The Boring Company said late Wednesday that it raised the fresh funds in a Series C funding round valuing the firm at $5.675 billion.
The Boring Company says its ultimate aim is to eliminate “soul-destroying traffic” with vast networks of tunnels. The firm plans to spend the latest cash on scaling Loop, a system that will shuttle passengers through high-speed tunnels.
The start-up has previously claimed the technology could one day shuttle passengers at up to 150 miles per hour. It has so far struggled to hit those speeds, reaching a maximum of only 50 mph in test rides with reporters in a Tesla Model X electric car.
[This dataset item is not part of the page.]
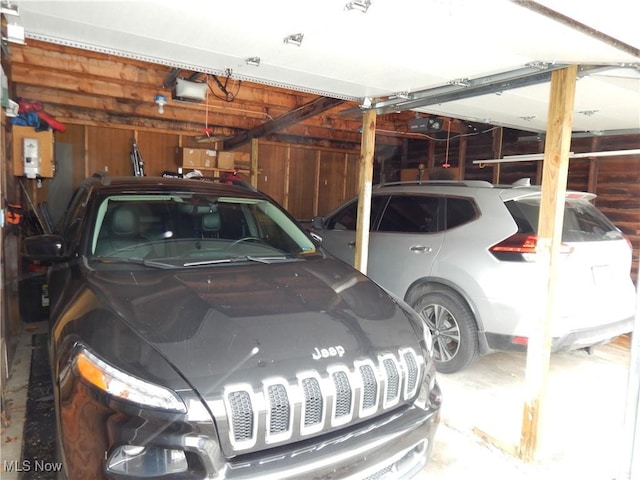 garage featuring wooden walls and a garage door opener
The Boring Company says it recently won approval for a 29-mile tunnel network connecting 51 stations under Las Vegas. The company is calling it the “largest subsurface transportation project,” and says it will eventually be capable of transporting 57,000 passengers per hour.
It’s a far cry from the “hyperloop” concept, first envisioned by Musk, which would see pods whiz through a series of underground tubes at even faster speeds — as much as 760 mph, according to one company developing the tech. Several firms are hoping to make the technology a reality.
For now, Hyperloop says it’s focused on developing its Loop project and Prufrock, The Boring Company’s line of machines designed to dig huge tunnel infrastructure projects in a matter of weeks.
The Boring Company says it will “significantly increase hiring across engineering, operations, and production” to build out its Vegas Loop project, and for research and development.
As if Musk didn’t have enough on his plate already, the tech billionaire is also proposing a deal to buy Twitter and take the company private.
The Tesla and SpaceX CEO has offered to acquire the social media platform for $43 billion, but there are doubts over whether he can secure the required funding to make such a large bid. Twitter’s board has adopted a so-called “poison pill” strategy designed to fend off a possible hostile takeover.
Tesla reported an 81% jump in first-quarter revenues Wednesday, beating analyst expectations and sending shares of the firm up more than 7% in after-hours trading.